▶ **Activity**
With pictures left out, set down exactly the lines that begin at the one containing "Renault Megane 2" and end with the last line of the entries below.

▶ **Listed entries**
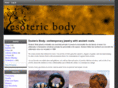 esotericbody.com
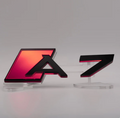 A7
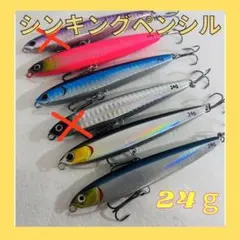 Item thumbnail for item f771b679-32fe-4edc-a15a-fee1ea0a5fd6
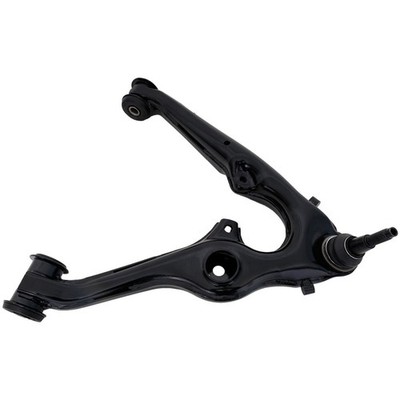 Control Arms Front Driver Left Side Lower for Chevy With ball joint(s) Hand Arm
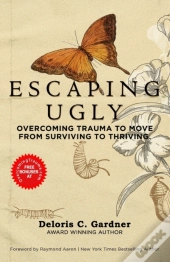 Escaping Ugly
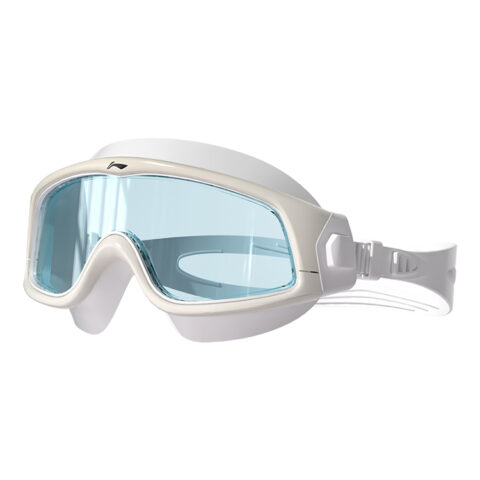 Li Ning Swim Goggles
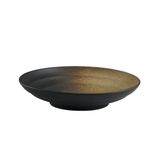 Jumbo Newyork 25 cm Çukur Tabak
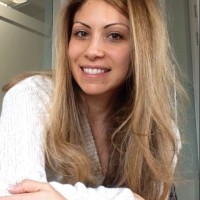 Abon Pharmaceuticals, LLC Employee Zeena Murad's profile photo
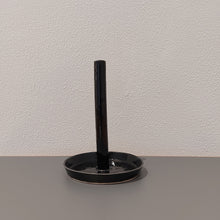 Load image into Gallery viewer, Strokkur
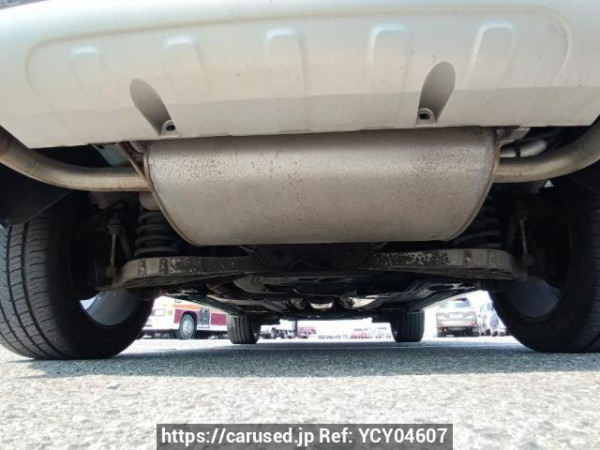 Used 2013 AT volvo xc60 DB4204TXC Image[40]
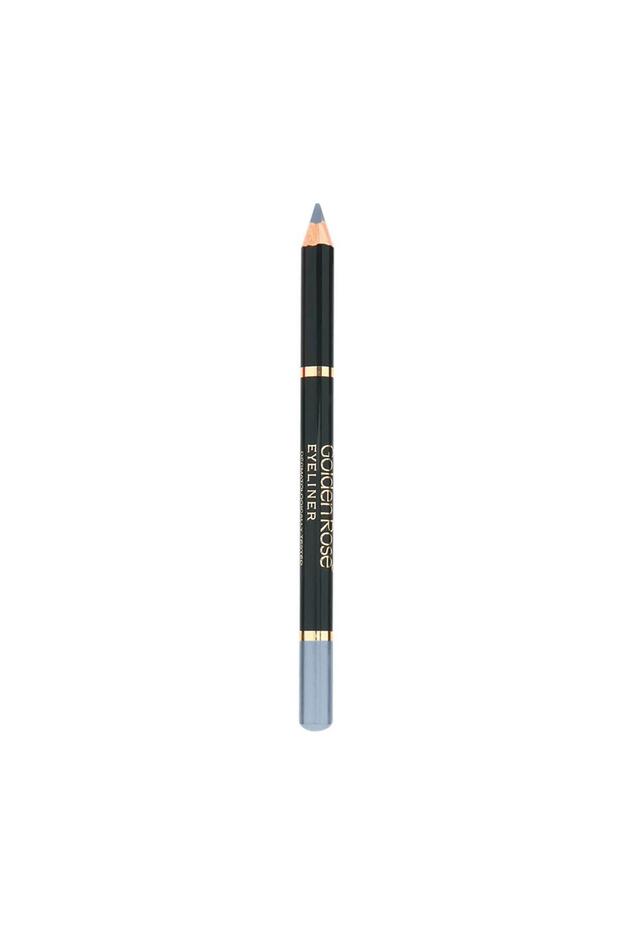 Eye Pencil - Eye Pencil 326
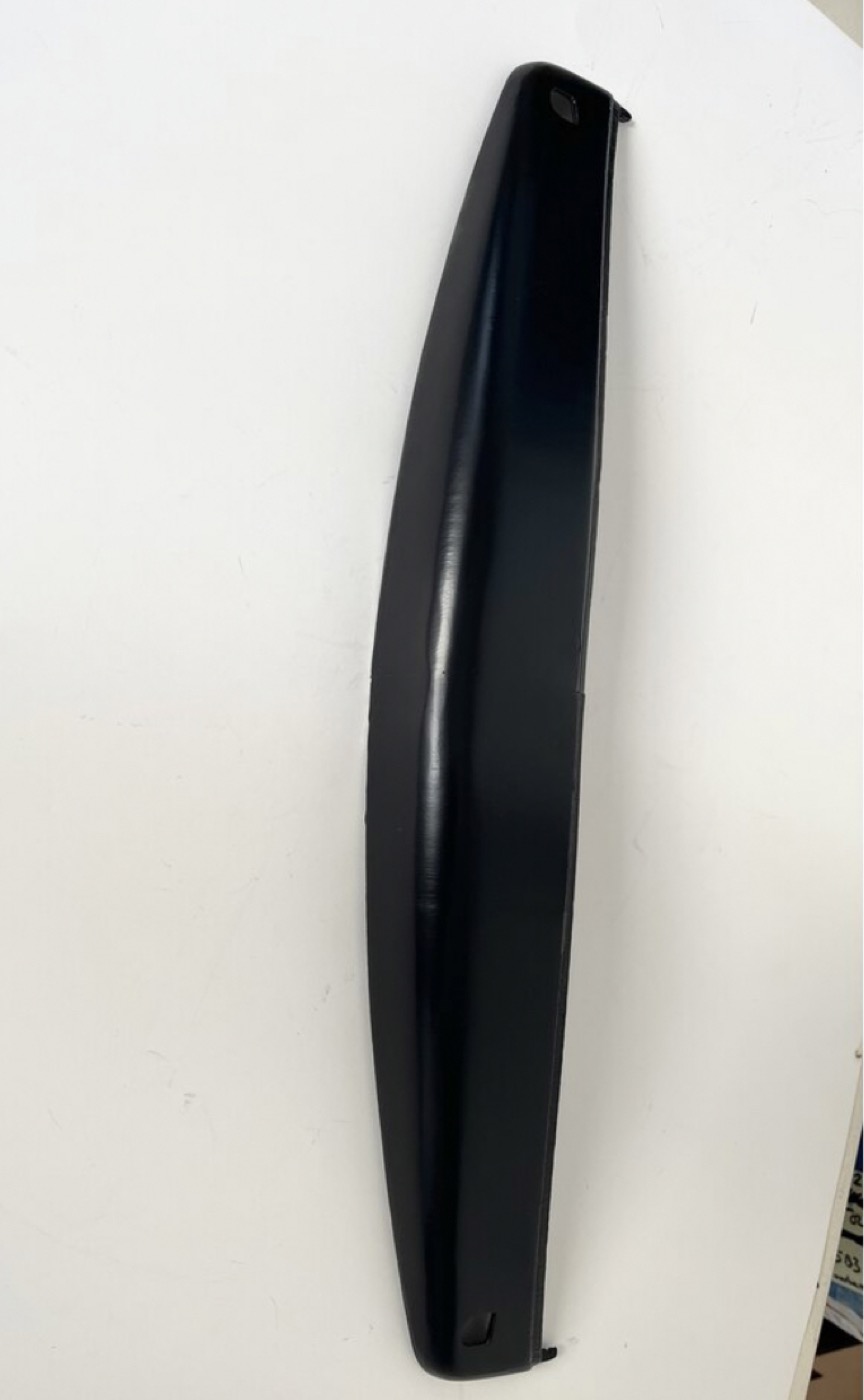 Renault Megane 2 Stop Lambası Kapağı (2003-2009)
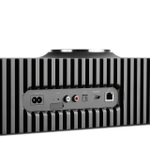 Саундбар Focal Mu-so Hekla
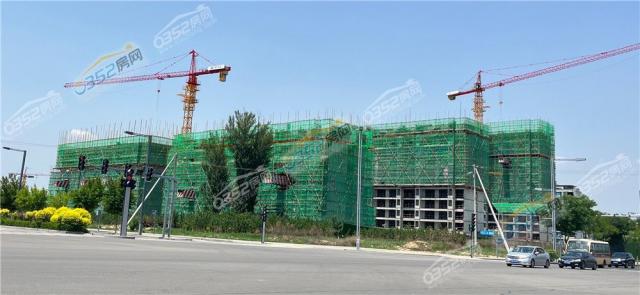 2022.7.12�Ռ����D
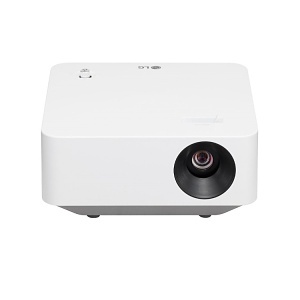 image of ce-pf510qc;image of ce-pf510qc;image of ce-pf510qc;image of ce-pf510qc;image of ce-pf510qc;image of ce-pf510qc;image of ce-pf510qc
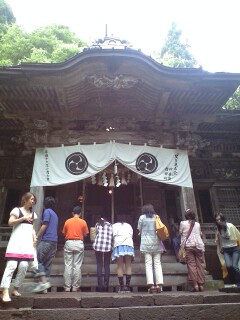十和田神社３.jpg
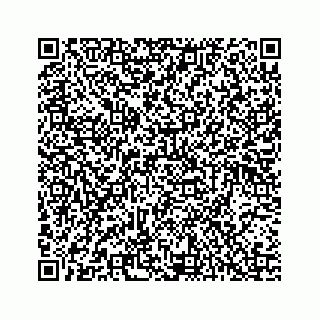 vCard 74737261773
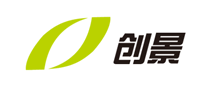 创景 SCV logo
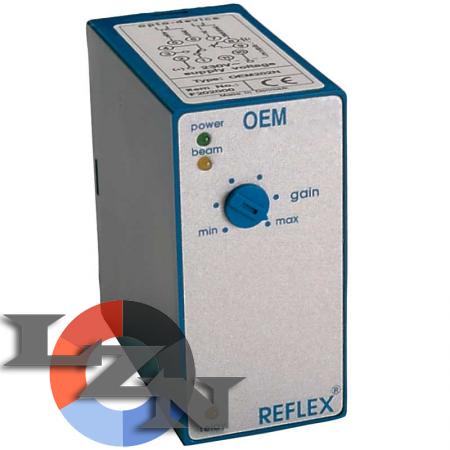 Датчик оптический IED/SPT OEM201N - фото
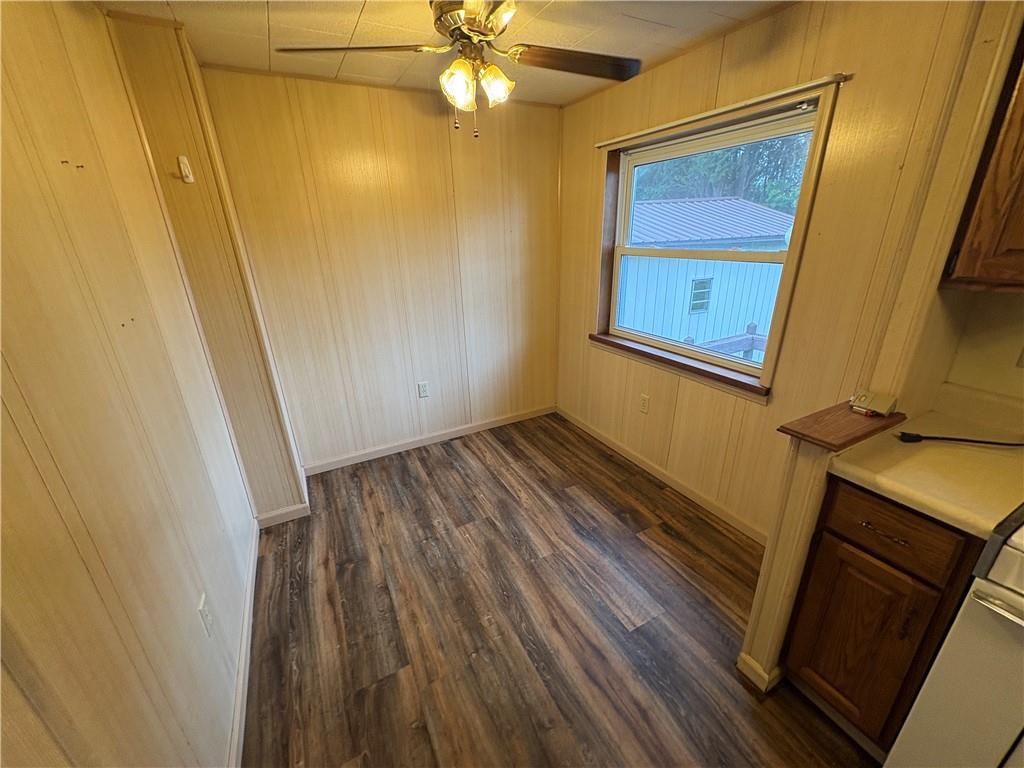 120 Old Rte 36 Road Punxsutawney, PA 15767 - Photo 6 of 45 Gallery Image 6
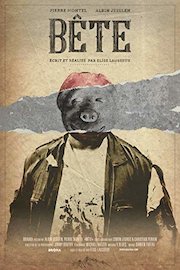 Bertin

▶ **Result**
 Renault Megane 2 Stop Lambası Kapağı (2003-2009)
 Саундбар Focal Mu-so Hekla
 2022.7.12�Ռ����D
 image of ce-pf510qc;image of ce-pf510qc;image of ce-pf510qc;image of ce-pf510qc;image of ce-pf510qc;image of ce-pf510qc;image of ce-pf510qc
十和田神社３.jpg
 vCard 74737261773
 创景 SCV logo
 Датчик оптический IED/SPT OEM201N - фото
 120 Old Rte 36 Road Punxsutawney, PA 15767 - Photo 6 of 45 Gallery Image 6
 Bertin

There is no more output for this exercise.